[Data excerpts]
┌────────
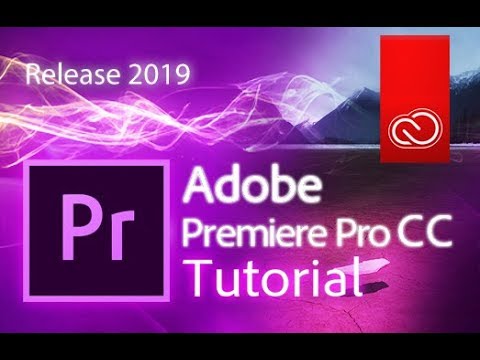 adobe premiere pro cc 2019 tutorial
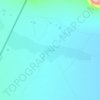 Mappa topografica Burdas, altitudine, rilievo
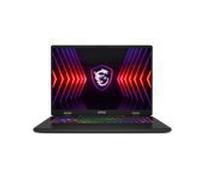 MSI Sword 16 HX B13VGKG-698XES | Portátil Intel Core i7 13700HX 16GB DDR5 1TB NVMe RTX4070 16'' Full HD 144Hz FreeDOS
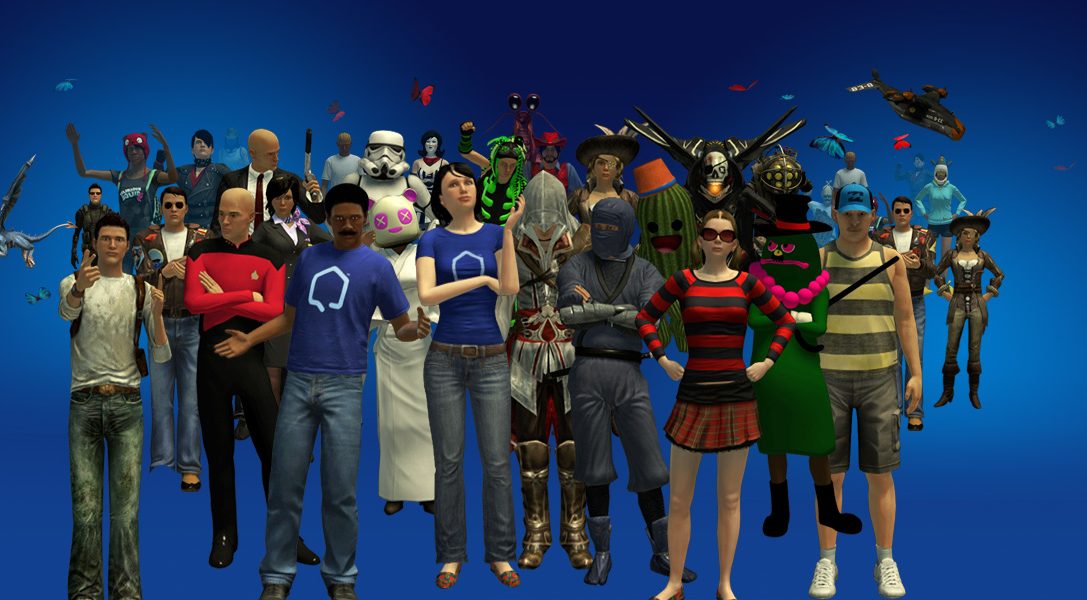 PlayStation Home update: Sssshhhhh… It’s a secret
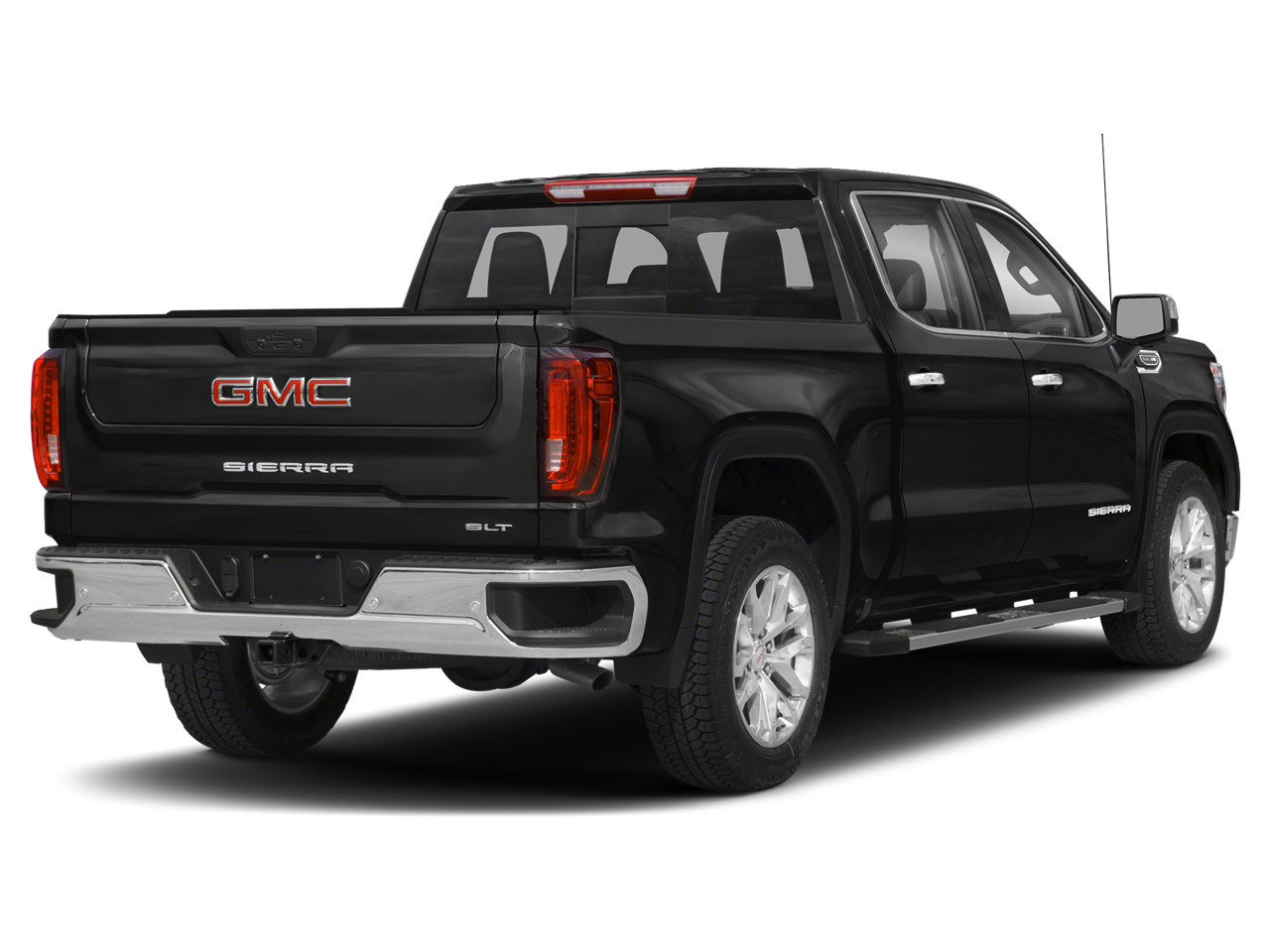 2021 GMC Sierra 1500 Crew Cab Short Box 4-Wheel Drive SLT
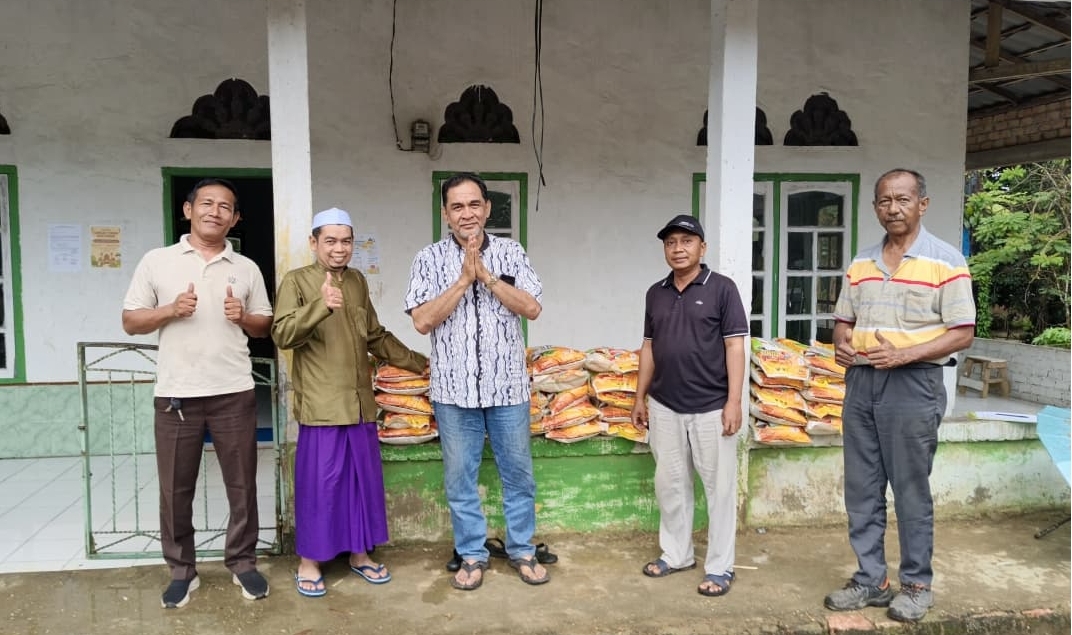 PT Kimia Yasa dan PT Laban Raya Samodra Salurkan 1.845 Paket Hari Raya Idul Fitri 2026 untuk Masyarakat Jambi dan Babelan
└────────
* **Exercise goal**
From the first line to the last, repeat the data above exactly and leave the pictures out.

* **Answer section**
 adobe premiere pro cc 2019 tutorial
 Mappa topografica Burdas, altitudine, rilievo
 MSI Sword 16 HX B13VGKG-698XES | Portátil Intel Core i7 13700HX 16GB DDR5 1TB NVMe RTX4070 16'' Full HD 144Hz FreeDOS
 PlayStation Home update: Sssshhhhh… It’s a secret
 2021 GMC Sierra 1500 Crew Cab Short Box 4-Wheel Drive SLT
 PT Kimia Yasa dan PT Laban Raya Samodra Salurkan 1.845 Paket Hari Raya Idul Fitri 2026 untuk Masyarakat Jambi dan Babelan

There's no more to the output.